Und Matteo Renzi? Er sagt: diese Verfassungsreform ist erst der Anfang. Die Grundlage für alles, was noch kommt. Der Ministerpräsident arbeitet mit Zuckerbrot und Peitsche. Schon früh hatte er angekündigt, im Falle eines Scheiterns zurückzutreten. Dann, im Sommer, hatte er zerknirscht zugegeben, dass das ein Fehler war:
"Ich habe den Fehler gemacht, die Reform zu sehr mit meiner Person zu verbinden. Dieses Referendum ist nicht MEIN Referendum. Dies ist die Reform, die Italien braucht."

Referendum als Vertrauensabstimmung

Stolz verkündet er immer wieder, dass er bei den sechs Abstimmungen im Parlament darüber nie die Vertrauensfrage gestellt und auf dieses Druckmittel verzichtet habe. Aber im Wahlkampf hält er diesen Kurs nicht durch.

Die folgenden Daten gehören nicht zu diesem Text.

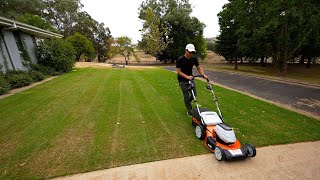 First Mow on My New Lawn  Ryegrass Overseed [upl. by Rutherford]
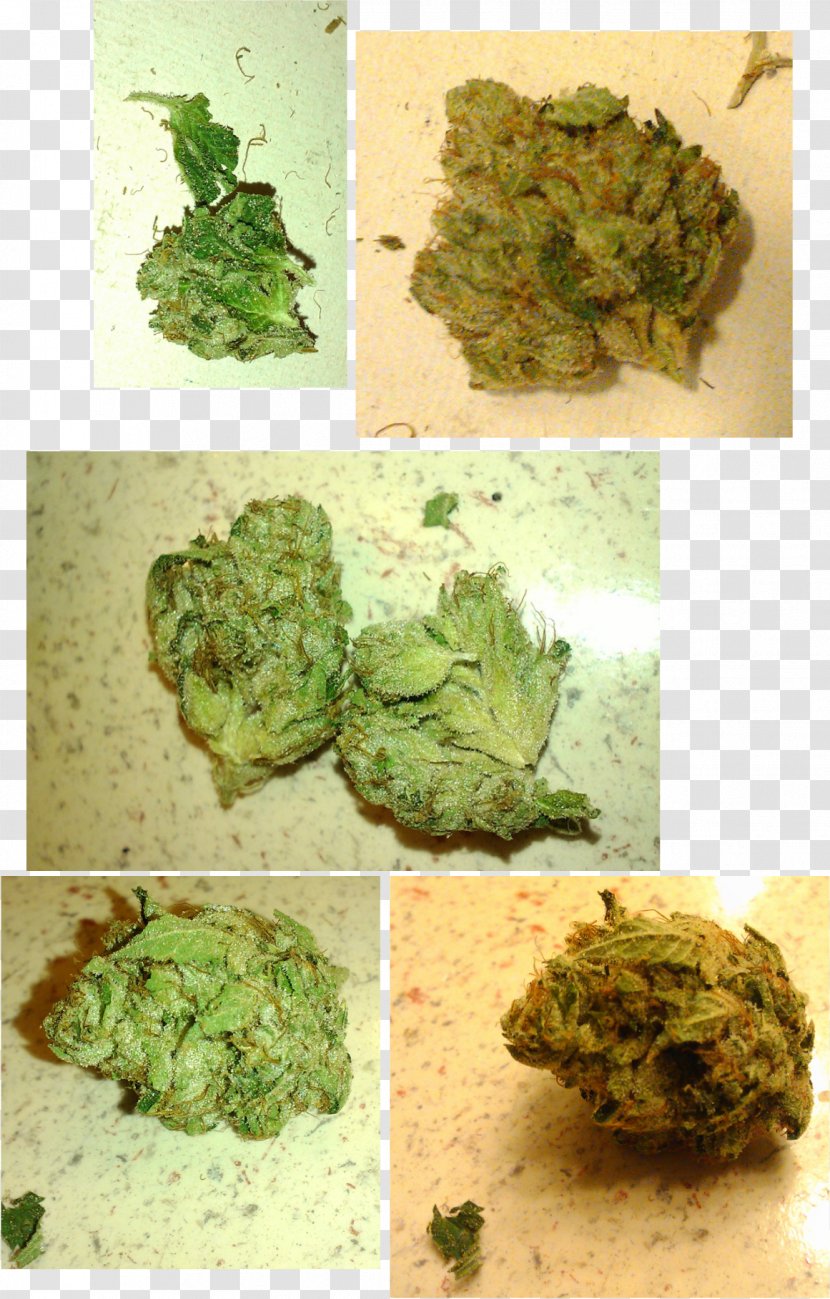 Kush Medical Cannabis Tetrahydrocannabinol Broccoli - Vegetable Transparent PNG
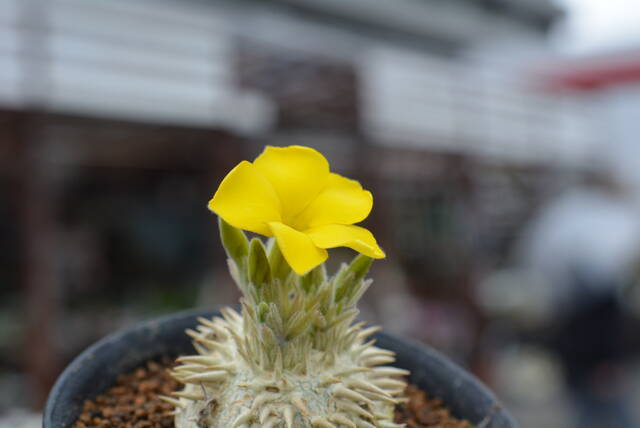 恵比寿笑い 今日もbaseで 園芸屋たなかのブログ
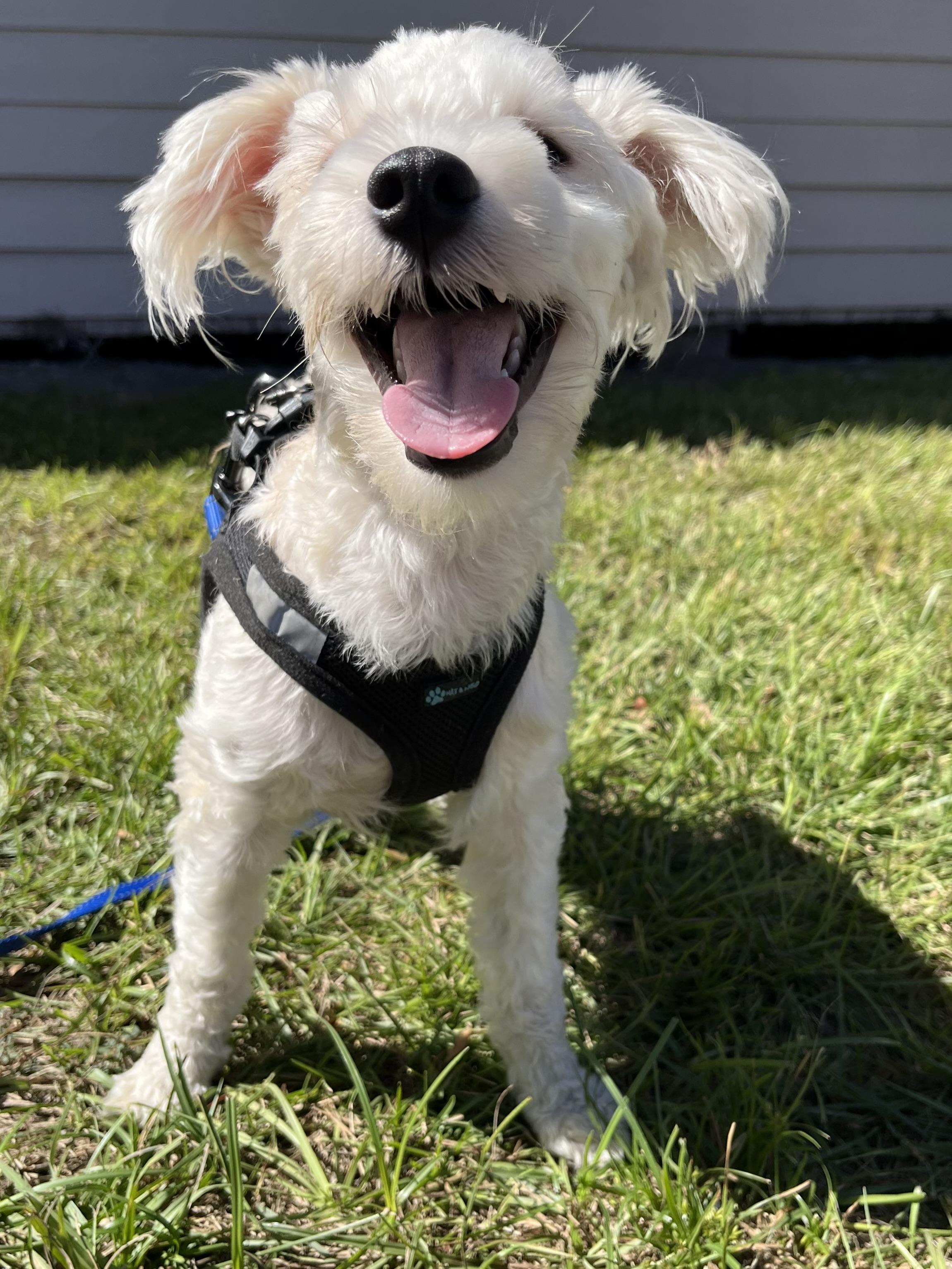 Enlarge Tony, a Adoptable mixed breed in Mt Pleasant, SC image 3/6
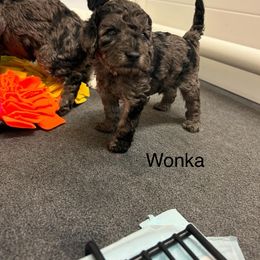 Bernedoodle and Cockapoo Puppies from Doodles of Joy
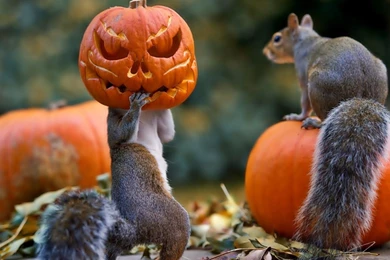 Happy Halloween HD Images Wallpapers Photos & Pictures Free ...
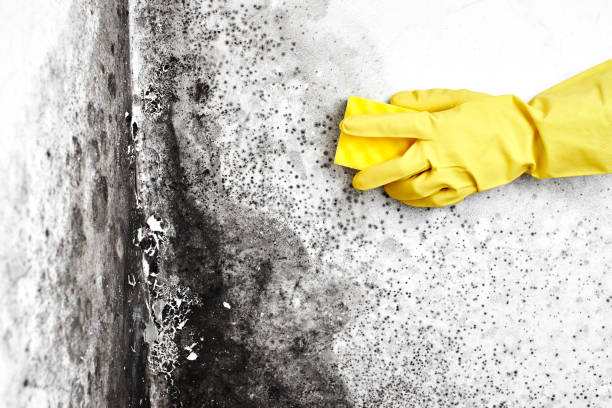 Best Mold Testing  in Sheldon, IL
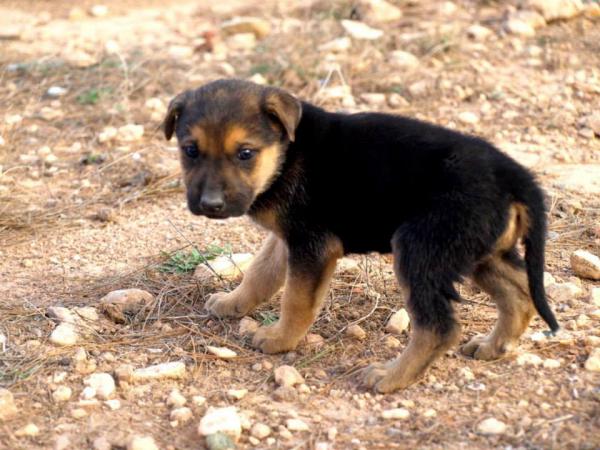 10 cachorros (2 camadas mas)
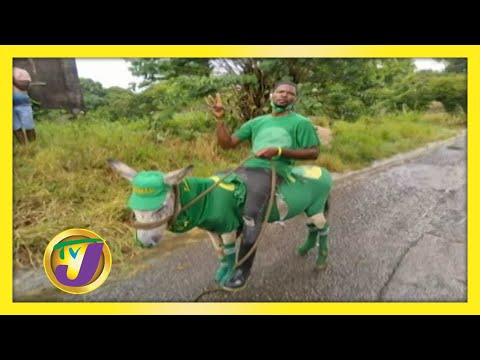 Election Day Outfits: TVJ Smile Jamaica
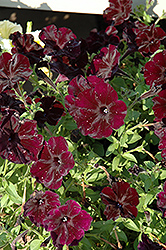 Sun Spun Velvet Petunia (Petunia 'Sun Spun Velvet') at Lakeshore Garden Centres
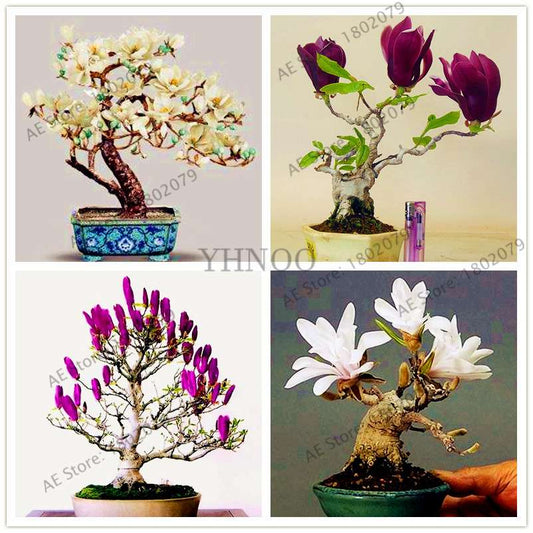Magnolia Seeds for Planting - Beautiful Bonsai Flower Seeds, Easy to Grow for Home & Garden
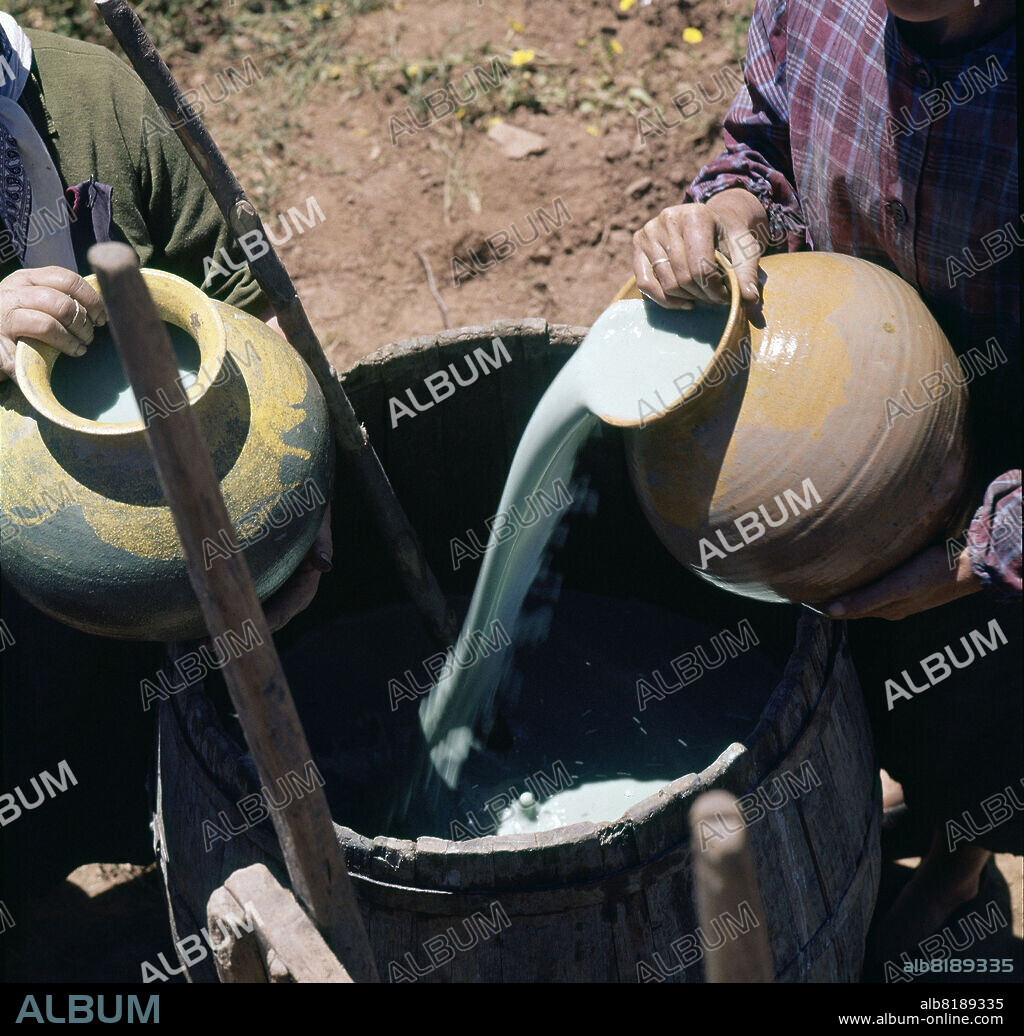 PREPARANDO AZUFRE PARA AZUFRAR UNA VIÑA - FOTO AÑOS 60.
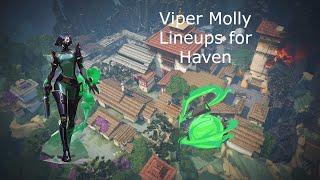 Learn Viper Molly lineups on Haven in 3 minutes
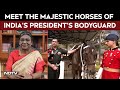 President Bodyguard Regiment Meet The Majestic Horses Of India S President S Bodyguard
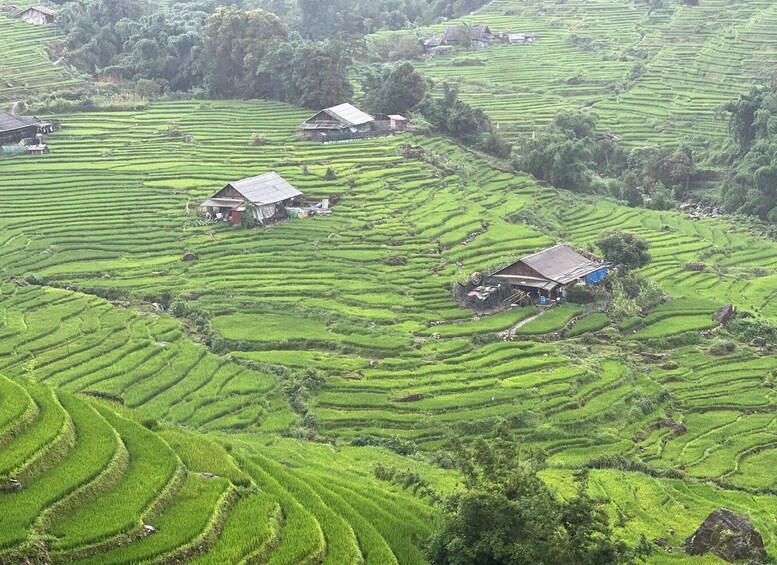 Picture 33 for Activity Sapa adventure tour and food 3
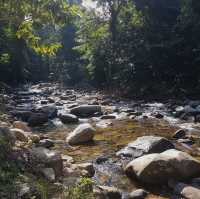 เขตรักษาพันธุ์สัตว์ป่าเขาสอยดาว 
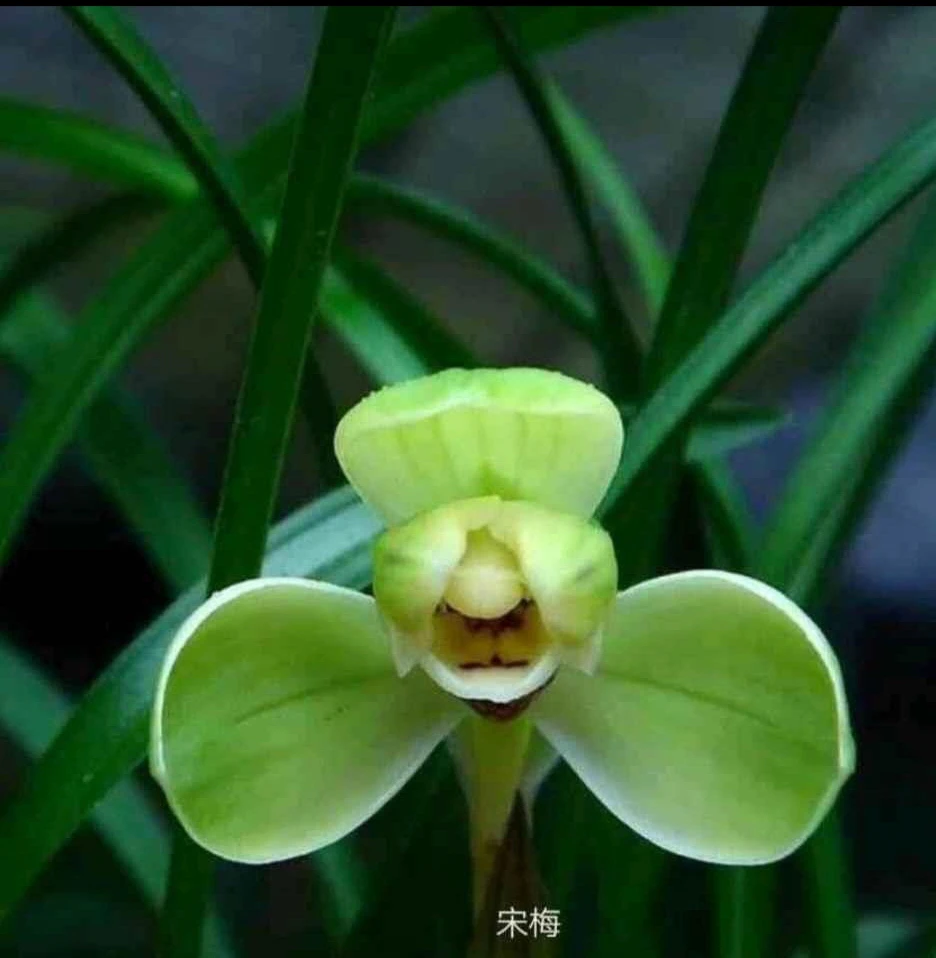 春兰名品宋梅 老八种之首，一盆七八苗带花苞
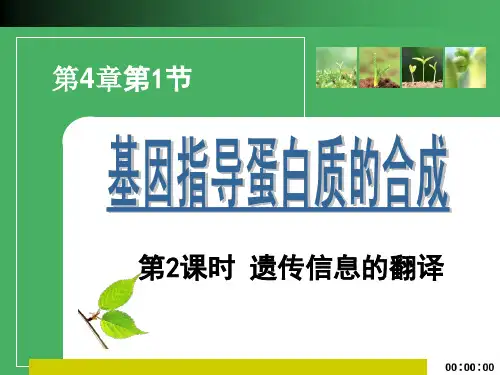遗传信息的翻译 课件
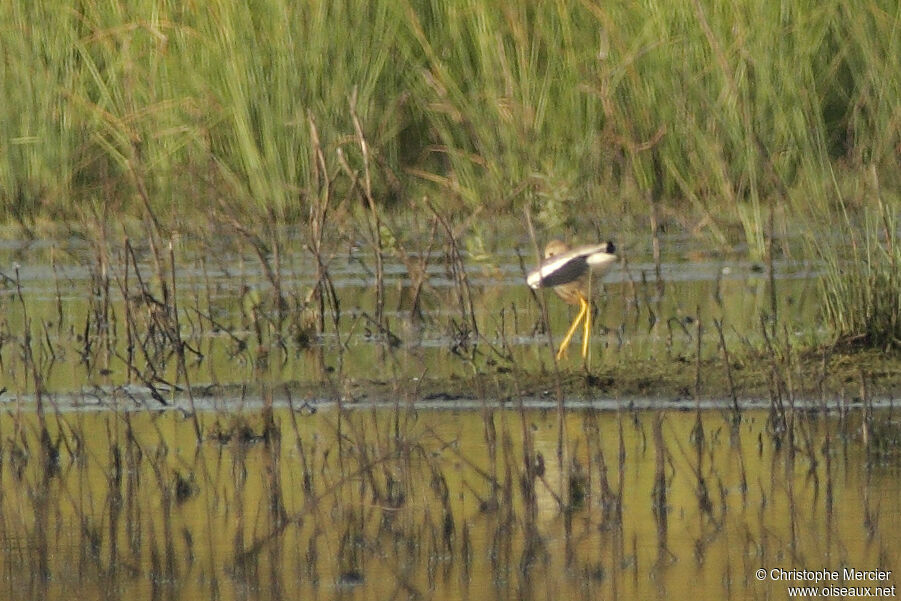 White-tailed Lapwing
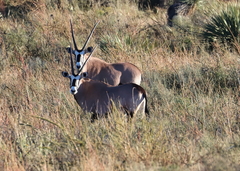 Oryx gazella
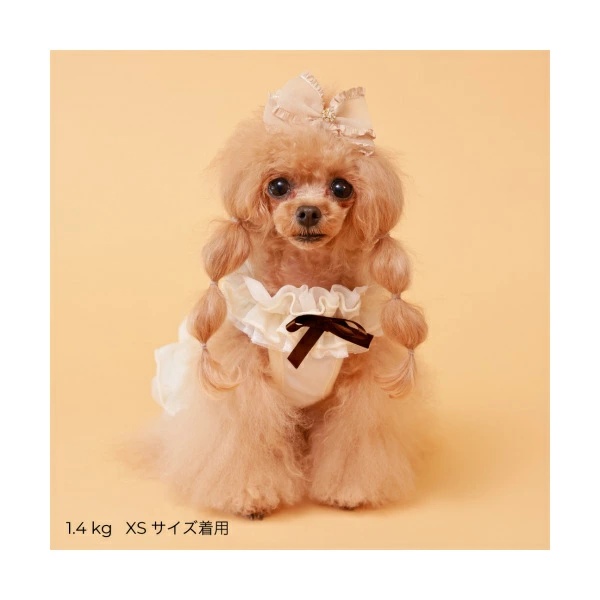 ゴッドピヴァ GODPIVA★ご予約★COOLフラワーチュチュワンピース※5月上旬より順次発送【小型犬 犬服 ワンピース ドレス スカート セレブ】の画像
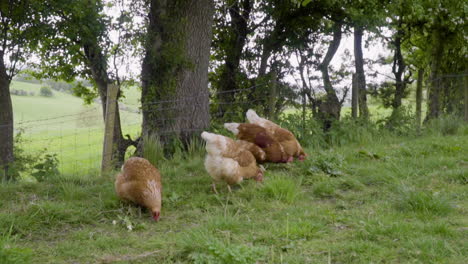 Chickens-foraging-in-green-pasture-under-trees-in-100fps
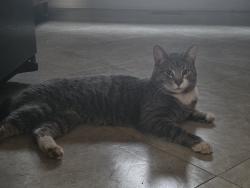 Found/Stray Male Cat last seen Harford Circle, Roanoke, VA 24012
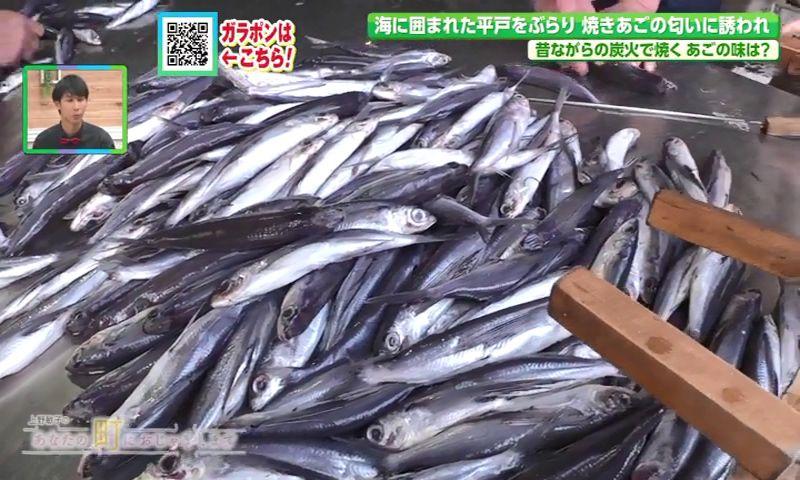 上野敏子のあなたの町におじゃまします~平戸市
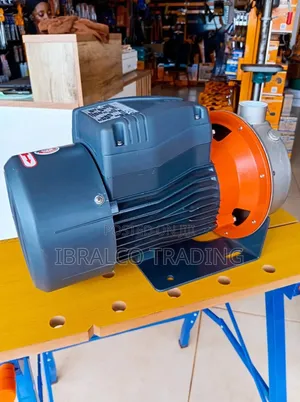 Leo 2hp Water Pump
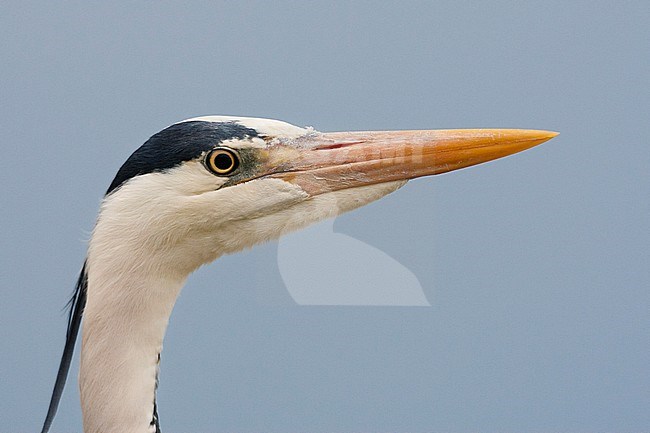 Blauwe Reiger portret; Grey Heron portrait stock-image by Agami/Marc Guyt,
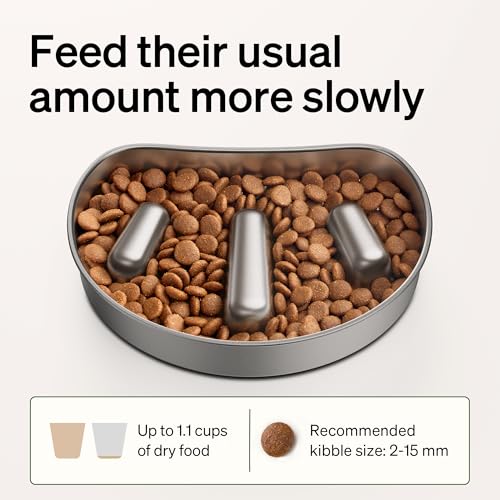 PETLIBRO Slow Feeder Bowl for Small Dogs & Cats, 1.125 Cup— Anti-Gulp Stainless Steel Dog & Cat Bowl, Helps Reduce Risk of Bloat, Dishwasher Safe — Compatible with PETLIBRO Camera Automatic Feeder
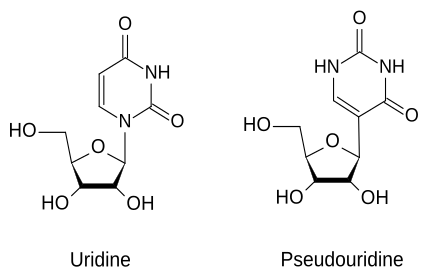 File:DiferenceBetweenUridine-PseudouridineENG.svg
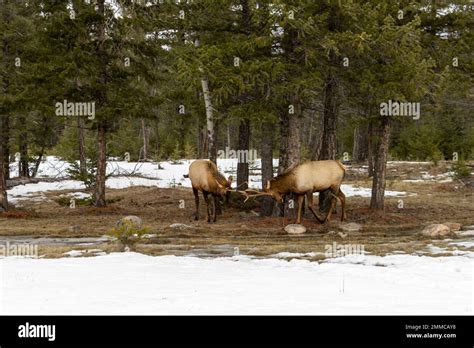 male elk fighting Stock Photo - Alamy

Das Referendum ist längst zu einer großen Vertrauensabstimmung über die Regierung Renzi geworden:
"Ich bin nicht wie die anderen. Ich schaffe das nicht, in einem Amt festgewachsen zu sein, nur mit dem Zweck ein Amt zu haben. Ich bleibe, solange ich die Dinge verändern kann."
Dass Renzi bei einem Scheitern des Referendums zurücktritt, gilt als sicher. Ob das aber genügend Italiener dazu bewegt, zur größten Verfassungsreform seit dem Krieg SI zu sagen, ist alles andere als klar.